Well Don, you already know how I feel about Polyspan from my e-mail, but for the sake of others, here goes. I love it! I was a die-hard Koverall or silkspan user. When I built the prototype for Aerodrome R/C's 57" Albatros C.III, K. Bengtson at Aerodrome persuaded me to give it a try. I was a bit hesitant trying a covering material I had never tried before on a model that I really wanted to turn out nice, but I went ahead and tried it. I was hooked from the very first minute. It goes on very easily. There is no adhesive on the covering itself. I used Sig Stix-it brushed on to the framework to ahere it, and then used a Coverite Trim Iron to attach the covering. I like using the trim iron because it gives me more control. I then used a heat gun to shrink the covering. It's worth noting that the C.III model has an undercambered airfoil. The model is 4 years old now, and the covering has shown absolutely no sign of lifting off from the undercamber. It has stayed drum tight, even under the hot summer sun. After shrinking, I apply 3 coats of nitrate dope, thinned with 25% thinner. After that, I use colour butyrate dope for finish, but any paint that sticks to nitrate dope would work fine.

Even on compound curves and wingtips I have never had a problem and wind up with wrinkle free covering. The secret here is to dig out the bigger covering iron, and then heat and stretch the covering as you pull it down around the curves. If you just try and mash the covering down into the wood, you will get wrinkles. Also be careful when shrinking. It is possible to over-shrink polyspan, and you will wind up with a hole where the covering has pulled itself apart. This only happens if you hold the heat gun in one place for way, way too long. If you shrink the Polyspan with an iron instead of a heat gun, you will avoid this problem entirely.
If you do get a hole, I have found that the best patch is a piece of silkspan. Tear a patch of silkspan the size you need (tearing will leave a softer edge than cutting, allowing it to be blended into the covering for an invisible patch), and spray it lightly with water and then dope it on. Sand the patch lightly, apply more dope, sand lightly, apply more dope, and sand lightly again. You now have an invisible patch.
Two areas you need to be careful with when using Polyspan.
a) Make sure you apply it so that the slightly shiny side is up! This is very important, because if you get the wrong side up, you will get a horrible case of the "Fuzzies" that will not go away, no matter how much dope you try and use.

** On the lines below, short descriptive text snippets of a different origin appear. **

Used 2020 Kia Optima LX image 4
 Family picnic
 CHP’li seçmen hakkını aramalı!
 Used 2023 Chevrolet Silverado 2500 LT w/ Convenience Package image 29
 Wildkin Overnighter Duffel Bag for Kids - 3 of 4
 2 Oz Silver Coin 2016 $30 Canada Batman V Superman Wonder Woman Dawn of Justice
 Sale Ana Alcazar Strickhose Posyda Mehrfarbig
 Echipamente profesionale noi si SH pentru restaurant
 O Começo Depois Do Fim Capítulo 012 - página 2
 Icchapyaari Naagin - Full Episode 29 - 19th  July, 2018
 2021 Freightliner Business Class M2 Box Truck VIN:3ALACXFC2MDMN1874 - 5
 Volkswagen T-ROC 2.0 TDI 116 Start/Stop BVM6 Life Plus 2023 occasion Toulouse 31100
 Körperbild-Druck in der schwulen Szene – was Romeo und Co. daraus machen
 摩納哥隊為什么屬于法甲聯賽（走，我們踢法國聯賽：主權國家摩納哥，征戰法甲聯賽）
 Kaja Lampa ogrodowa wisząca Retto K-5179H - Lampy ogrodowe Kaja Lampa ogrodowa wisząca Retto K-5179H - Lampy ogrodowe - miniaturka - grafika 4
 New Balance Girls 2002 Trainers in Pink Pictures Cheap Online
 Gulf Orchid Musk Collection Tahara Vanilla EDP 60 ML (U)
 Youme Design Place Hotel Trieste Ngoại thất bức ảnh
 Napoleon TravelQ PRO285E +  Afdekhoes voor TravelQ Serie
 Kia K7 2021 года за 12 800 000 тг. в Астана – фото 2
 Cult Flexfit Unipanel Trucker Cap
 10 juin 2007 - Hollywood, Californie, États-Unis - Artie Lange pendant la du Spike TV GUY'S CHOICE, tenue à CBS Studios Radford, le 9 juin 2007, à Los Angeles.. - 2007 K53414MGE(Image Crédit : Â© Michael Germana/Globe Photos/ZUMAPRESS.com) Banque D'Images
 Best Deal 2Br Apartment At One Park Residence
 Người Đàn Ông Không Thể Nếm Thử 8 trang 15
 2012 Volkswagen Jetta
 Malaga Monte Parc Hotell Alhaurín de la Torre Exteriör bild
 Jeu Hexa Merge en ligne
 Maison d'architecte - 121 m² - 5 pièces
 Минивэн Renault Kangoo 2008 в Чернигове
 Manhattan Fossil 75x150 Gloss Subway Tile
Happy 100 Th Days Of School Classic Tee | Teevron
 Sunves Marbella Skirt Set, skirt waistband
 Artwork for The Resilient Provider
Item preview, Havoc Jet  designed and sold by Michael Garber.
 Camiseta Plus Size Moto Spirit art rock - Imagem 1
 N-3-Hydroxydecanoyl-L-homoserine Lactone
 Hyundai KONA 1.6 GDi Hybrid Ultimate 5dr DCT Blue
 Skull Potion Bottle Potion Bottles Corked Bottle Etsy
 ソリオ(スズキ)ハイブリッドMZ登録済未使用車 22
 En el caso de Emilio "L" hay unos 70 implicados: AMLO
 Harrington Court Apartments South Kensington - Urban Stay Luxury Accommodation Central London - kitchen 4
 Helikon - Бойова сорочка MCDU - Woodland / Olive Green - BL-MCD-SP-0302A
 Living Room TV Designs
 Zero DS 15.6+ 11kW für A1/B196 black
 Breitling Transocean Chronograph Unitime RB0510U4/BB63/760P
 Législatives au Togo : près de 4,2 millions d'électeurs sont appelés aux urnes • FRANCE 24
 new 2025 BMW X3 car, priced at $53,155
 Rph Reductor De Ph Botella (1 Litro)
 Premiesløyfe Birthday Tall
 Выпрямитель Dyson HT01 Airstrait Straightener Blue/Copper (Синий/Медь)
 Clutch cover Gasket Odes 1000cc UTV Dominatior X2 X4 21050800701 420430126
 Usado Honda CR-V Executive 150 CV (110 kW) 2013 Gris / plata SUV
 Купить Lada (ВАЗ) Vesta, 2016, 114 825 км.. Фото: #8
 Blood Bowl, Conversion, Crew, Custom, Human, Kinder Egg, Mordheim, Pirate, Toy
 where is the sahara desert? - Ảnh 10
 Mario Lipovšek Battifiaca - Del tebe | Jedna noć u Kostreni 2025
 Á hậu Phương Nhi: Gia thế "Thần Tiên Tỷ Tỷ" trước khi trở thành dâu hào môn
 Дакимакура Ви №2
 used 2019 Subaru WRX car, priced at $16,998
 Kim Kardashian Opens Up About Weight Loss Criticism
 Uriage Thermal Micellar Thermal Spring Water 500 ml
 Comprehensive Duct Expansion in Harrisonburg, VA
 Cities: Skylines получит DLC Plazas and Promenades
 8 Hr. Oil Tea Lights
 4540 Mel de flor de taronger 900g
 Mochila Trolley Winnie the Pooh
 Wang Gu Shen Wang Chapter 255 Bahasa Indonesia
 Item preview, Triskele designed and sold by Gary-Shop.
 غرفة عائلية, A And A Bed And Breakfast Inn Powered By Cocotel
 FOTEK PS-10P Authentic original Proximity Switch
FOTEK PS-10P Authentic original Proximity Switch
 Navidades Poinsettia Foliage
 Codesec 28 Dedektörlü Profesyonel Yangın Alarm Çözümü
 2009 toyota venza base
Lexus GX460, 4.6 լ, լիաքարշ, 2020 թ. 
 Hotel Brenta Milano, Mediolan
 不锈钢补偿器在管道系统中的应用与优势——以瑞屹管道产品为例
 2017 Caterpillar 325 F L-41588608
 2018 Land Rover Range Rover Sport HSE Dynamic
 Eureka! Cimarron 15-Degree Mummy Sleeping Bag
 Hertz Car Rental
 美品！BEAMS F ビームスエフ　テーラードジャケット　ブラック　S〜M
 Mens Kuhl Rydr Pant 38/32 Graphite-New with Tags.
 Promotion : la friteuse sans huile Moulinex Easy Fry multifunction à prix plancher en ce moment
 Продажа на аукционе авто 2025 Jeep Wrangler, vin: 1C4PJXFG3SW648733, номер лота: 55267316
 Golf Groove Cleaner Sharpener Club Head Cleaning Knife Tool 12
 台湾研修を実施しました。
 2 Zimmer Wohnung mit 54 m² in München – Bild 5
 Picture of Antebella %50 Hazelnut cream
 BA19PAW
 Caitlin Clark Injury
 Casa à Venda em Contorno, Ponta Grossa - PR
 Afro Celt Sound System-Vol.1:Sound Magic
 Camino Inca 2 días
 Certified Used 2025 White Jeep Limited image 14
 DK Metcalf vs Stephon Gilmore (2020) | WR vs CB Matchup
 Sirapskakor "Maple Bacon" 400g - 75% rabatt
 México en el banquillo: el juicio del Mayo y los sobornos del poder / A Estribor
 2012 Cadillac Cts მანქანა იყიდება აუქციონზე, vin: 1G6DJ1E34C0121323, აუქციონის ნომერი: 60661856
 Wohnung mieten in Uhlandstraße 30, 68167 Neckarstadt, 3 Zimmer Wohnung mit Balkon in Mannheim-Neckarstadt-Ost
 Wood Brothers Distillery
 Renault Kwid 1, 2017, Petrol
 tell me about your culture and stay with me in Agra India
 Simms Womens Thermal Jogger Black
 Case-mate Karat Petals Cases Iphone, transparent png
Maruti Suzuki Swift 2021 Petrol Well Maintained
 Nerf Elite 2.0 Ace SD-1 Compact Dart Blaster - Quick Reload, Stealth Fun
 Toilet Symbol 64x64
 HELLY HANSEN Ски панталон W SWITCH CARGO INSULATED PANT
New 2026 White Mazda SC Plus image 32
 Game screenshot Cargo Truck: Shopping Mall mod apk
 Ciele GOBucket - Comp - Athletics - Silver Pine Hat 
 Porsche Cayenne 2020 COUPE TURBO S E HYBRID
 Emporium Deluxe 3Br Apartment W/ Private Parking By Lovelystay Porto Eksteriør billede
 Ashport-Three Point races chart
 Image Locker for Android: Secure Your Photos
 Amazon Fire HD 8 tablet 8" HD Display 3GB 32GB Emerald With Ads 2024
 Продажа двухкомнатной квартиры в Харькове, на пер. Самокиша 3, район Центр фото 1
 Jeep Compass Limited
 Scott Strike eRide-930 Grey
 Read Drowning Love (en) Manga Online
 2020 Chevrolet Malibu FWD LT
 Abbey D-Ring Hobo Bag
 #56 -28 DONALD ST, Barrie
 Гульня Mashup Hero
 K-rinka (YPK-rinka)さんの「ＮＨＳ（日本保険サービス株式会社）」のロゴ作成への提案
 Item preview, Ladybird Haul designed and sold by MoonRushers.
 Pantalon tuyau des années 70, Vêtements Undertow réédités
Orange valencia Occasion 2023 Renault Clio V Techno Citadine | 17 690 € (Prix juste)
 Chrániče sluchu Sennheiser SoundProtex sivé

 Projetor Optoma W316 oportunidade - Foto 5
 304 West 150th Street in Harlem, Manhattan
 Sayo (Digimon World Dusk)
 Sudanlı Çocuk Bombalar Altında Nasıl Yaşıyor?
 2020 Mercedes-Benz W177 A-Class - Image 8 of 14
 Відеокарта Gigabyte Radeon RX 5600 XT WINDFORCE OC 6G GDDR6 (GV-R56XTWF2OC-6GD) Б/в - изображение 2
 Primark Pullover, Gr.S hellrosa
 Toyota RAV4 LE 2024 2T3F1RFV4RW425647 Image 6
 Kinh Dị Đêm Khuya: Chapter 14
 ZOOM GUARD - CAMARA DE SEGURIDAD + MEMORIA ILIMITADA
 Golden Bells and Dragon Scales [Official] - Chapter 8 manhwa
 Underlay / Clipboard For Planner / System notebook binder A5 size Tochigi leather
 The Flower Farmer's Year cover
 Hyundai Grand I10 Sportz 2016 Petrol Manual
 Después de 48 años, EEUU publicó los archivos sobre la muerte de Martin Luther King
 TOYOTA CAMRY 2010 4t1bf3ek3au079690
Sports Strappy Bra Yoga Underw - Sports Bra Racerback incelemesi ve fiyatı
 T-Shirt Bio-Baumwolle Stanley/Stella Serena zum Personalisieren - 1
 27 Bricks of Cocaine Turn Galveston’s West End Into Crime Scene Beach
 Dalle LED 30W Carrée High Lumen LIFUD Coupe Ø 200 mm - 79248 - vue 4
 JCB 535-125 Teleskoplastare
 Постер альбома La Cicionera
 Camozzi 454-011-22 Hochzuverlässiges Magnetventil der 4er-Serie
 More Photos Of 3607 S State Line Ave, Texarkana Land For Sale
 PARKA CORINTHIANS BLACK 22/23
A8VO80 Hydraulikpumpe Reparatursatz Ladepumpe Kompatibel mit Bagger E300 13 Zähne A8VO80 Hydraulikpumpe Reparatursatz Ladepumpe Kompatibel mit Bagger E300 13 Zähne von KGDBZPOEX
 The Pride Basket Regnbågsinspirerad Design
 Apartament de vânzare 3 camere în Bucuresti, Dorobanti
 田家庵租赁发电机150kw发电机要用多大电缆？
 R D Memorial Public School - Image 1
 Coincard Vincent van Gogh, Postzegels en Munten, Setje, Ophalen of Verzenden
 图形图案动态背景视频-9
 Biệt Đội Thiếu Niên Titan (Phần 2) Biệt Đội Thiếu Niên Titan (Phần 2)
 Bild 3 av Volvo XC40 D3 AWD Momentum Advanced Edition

b) DO NOT SAND HEAVILY BETWEEN COATS OF DOPE! At the absolute most, you may give the covering a very light once over with 600 grit after the 2nd coat of dope. If you sand into the polyester fibers, you will once again raise fuzzies that no further amount of sanding or doping will eliminate. Your only option is to strip off the covering, or lay on a piece of silkspan over top of the fuzzy area.

Polyspan is super strong, very puncture resistant, and holds its shrink. I have use it on my 57" Albatros C.III, 47" Fokker Dr.1, 50" Noorduyn Norseman, 41" Sopwith Snipe, and 78" Gotha G.IV. All 5 models look as good as the day they were covered. Not one has shown any sign of loose or sagging covering, and not one has a wrinkle. The finaltexture of Polyspan is hard to describe. It is not glass smooth like a plastic iron on, nor is it textured like a fabric. But it does have a slight texture to it that give the model a more realistic look (for a rag covered airplane, anyway).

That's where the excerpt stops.